While this helped, this did not really solve all the problems since the incoming RTP packets from peers were still sent to the conference (i.e. shared the same message queue) and while the RTP packets were not processed by the conference (the conference just read the packet from the queue, identified which subscription it belonged and dispatched it to the right worker), it still was not optimal as any slight lag or hiccup in the processing of any of the events would potentially delay the dispatching of all incoming RTP packets to their workers which means that a seldom lag could cost us several seconds (or even minutes) of freezes.

Sending RTP packets to the conference was not the best idea and it looked like it does not really belong there given that these packets don’t even mutate the conference state and are only relevant for their particular subscribers, so it was clear that the RTP packet handling must be moved out of the main conference queue processing.

This PR changes this by introducing a new logic where each peer only sends a message to the conference informing it about a new available track (or a simulcast quality). The conference then processes this message by creating a published track (that in turn creates a publisher that runs in its own go-routine). The publisher then reads packets from the incoming track and sends them to the subscriber workers (as the conference did before). This means that the RTP processing is now completely independent from the conference and runs in parallel with another packet handling. The published track (and the publisher) only share the list of available subscriptions with the conference (common shared data structure) the access to which is synchronized, which means that the only moment we currently lock/synchronize the access to the subscriptions is when the state of the subscription changes (layer changed, subscription starts/stops, etc).

This means that the existing publishers and subscribers are not really affected by the main conference loop much and once started, will continue to run efficiently.

Another thing that it allowed us to make is to regulate the size of the queue for the incoming RTP packets that each subscription gets. Since now each published track’s message about the incoming RTP is not sent on a ‘global’ conference queue, we have more control when it comes to the implementation of the backpressure.
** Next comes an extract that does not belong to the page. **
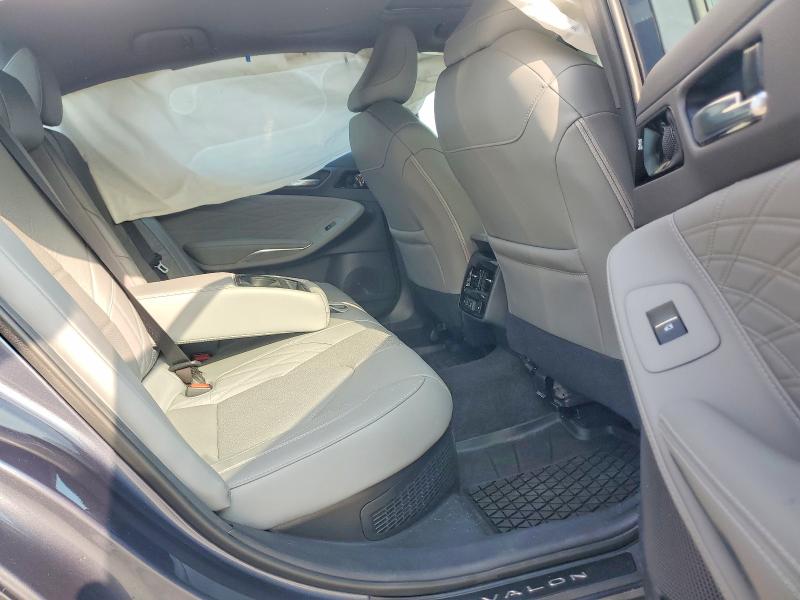 Photo 10 from auction – 2020 TOYOTA AVALON with VIN 4T1D21FB5LU018710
Currently, each publisher’s worker loop essentially looks like this:

packet = track.read()
if packet.error() {
    inform_conference_that_the_track_is_gone()
    return
}

for subscription in subscriptions {
    queue_full = subscription.enqueue(packet)
    if queue_full {
        // the packet was not delivered, so we drop this packet
        // log it, todo: we probably want to take the old packets from the queue here
    }
}

So now it looks almost exactly the same as the processing of publishers in LiveKit: https://blog.livekit.io/going-beyond-a-single-core-4a464d20d17a/ (except that we went for the approach where we spawn a go-routine per publisher instead of creating a work-pool with a limited amount of workers, as it seems like the last one is a bit more complicated, but does not bring that much of a performance advantage).